In any case, these are conditions that the US cannot accept because they affect Ukraine's sovereignty, because it cannot accept blackmail as a form of politics, and because it understands that Europeans' hair stands on end in the face of Russia's nationalist expansionism. We all swallowed, albeit protesting, after Russia's interference in Moldova, Georgia and Crimea itself. But we no longer want to continue to swallow because we too have red lines and Ukraine or the Baltics define them. Nor can we accept that Moscow should decide whether or not Finland or Sweden can join NATO if one day they wish to do so. Moreover, if we do not defend Europe's borders as enshrined in the Final Act of the Helsinki Conference (1972), the continent may fall apart.
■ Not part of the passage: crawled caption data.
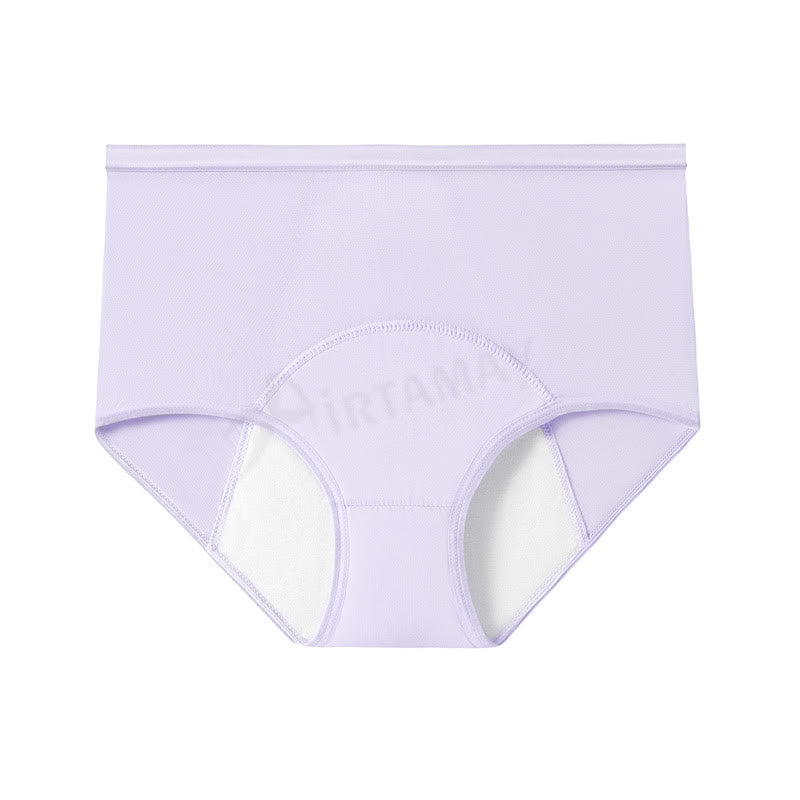 Plus Size Leakproof Breathable Period Panty(3 Packs)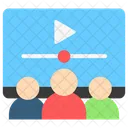 Collaboration Team Student Icon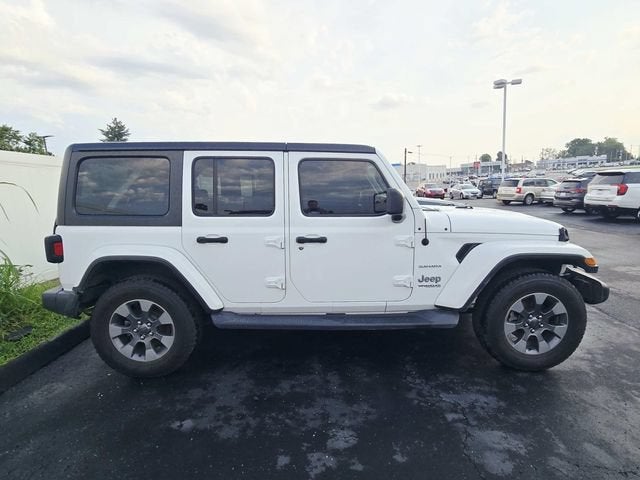 2018 Jeep Wrangler Unlimited Sahara 4x4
This is not to say that the Americans and Russians cannot talk about many other things, such as disarmament, the resumption of talks to extend the START 3 Treaty on intercontinental missiles, the INF Treaty on intermediate-range missiles in Europe intercontinental missiles, which Donald Trump abandoned on the grounds that Russia was violating it, the confidence-building Open Skies Treaty, the deployment of certain weapons in Europe, the holding of manoeuvres, the use of drones, cyber warfare ... the Americans can talk about many things with the Russians but what they cannot do is give in to blackmail because that would be perceived as weakness after what happened in Afghanistan, would send a very bad signal to the world about their resolve, would be badly read in Europe and could lead China to make a mistake in Taiwan with potentially very serious consequences.
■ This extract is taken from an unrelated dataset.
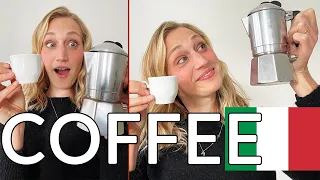 HOW TO DO COFFEE IN ITALY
This crisis has once again highlighted Europe's powerlessness, marginalised in negotiating issues that affect it directly and directly because they touch its very heart. And the EU has not been part of the talks, although its member states have been involved in the contacts that have taken place within the ECESB or NATO itself. But we are 27 countries with different positions on Russia and it is difficult to have a common foreign policy without first agreeing among ourselves, which will require imaginative formulas such as qualified majorities, positive abstentions or whatever it takes to allow us to speak with one voice and avoid the need for consensus on each and every foreign policy issue. Because down this road we are going nowhere, for as long as we do not do so and we do not have a military force, no one will listen to us or respect us. No one will take us seriously, except when it is necessary to dip into our chequebook. It is as clear as that.
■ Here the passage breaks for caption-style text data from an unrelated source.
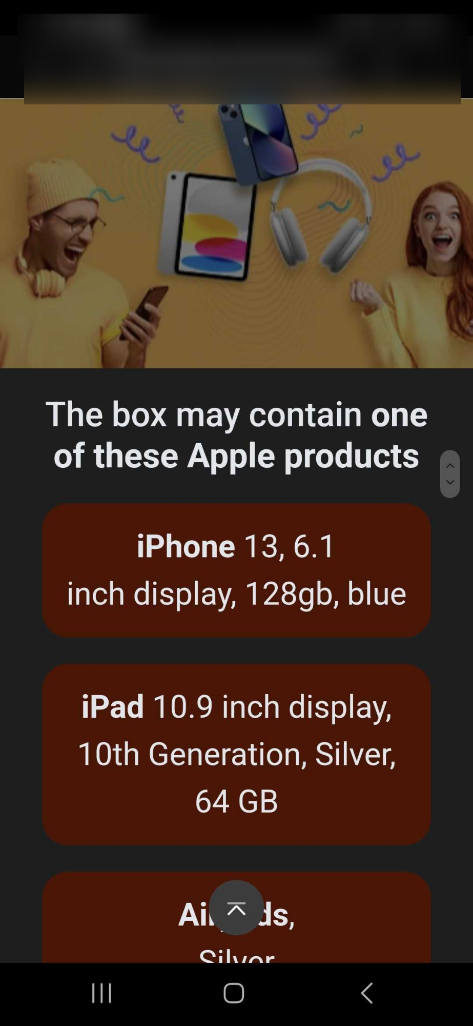 A screenshot of a phone

Description automatically generated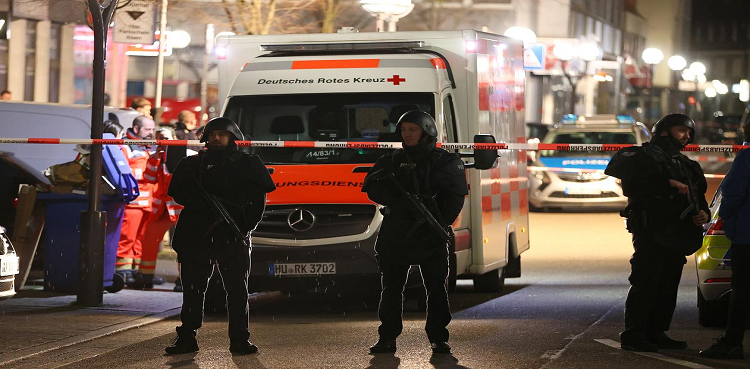 Shootings Germany Eight Killed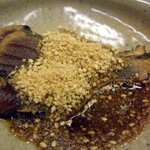 本湖月 - もどり鰹のづけ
The one that stands to lose, even if there is no invasion, is Ukraine. Crimea has already been taken away and Russia will not give it back no matter how many economic sanctions are imposed. And I fear that the same will happen sooner or later with the "republics of Donetsk and Lugansk". If things stay there and do not get worse. For a start, what has happened will strike fear into Ukraine's soul and put lead in its shoes for a long time to come.

Today, after initial contacts that apparently have not made anyone change their initial negotiating stance (the Americans say that Russia's claims are a "non starter", i.e. not a valid basis for starting negotiations), anything can end up happening because nobody really knows where history is going to lead. Even Russia's experts acknowledge their bewilderment and ignorance. And with each passing moment the tension increases and the problem is no longer just Ukraine but how to avoid a war in the heart of Europe. This is not scaremongering, although I personally believe that blood will not run to the river, even if we should not exclude mistakes by one or the other that might end up spilling blood. And that is what is most worrying. It makes one's hair stand on end, however distracted we may be with Omicron and the pandemic, because we must never forget that there is no bad situation that cannot get worse, that nationalism is expansive by nature and that playing with fire is very dangerous.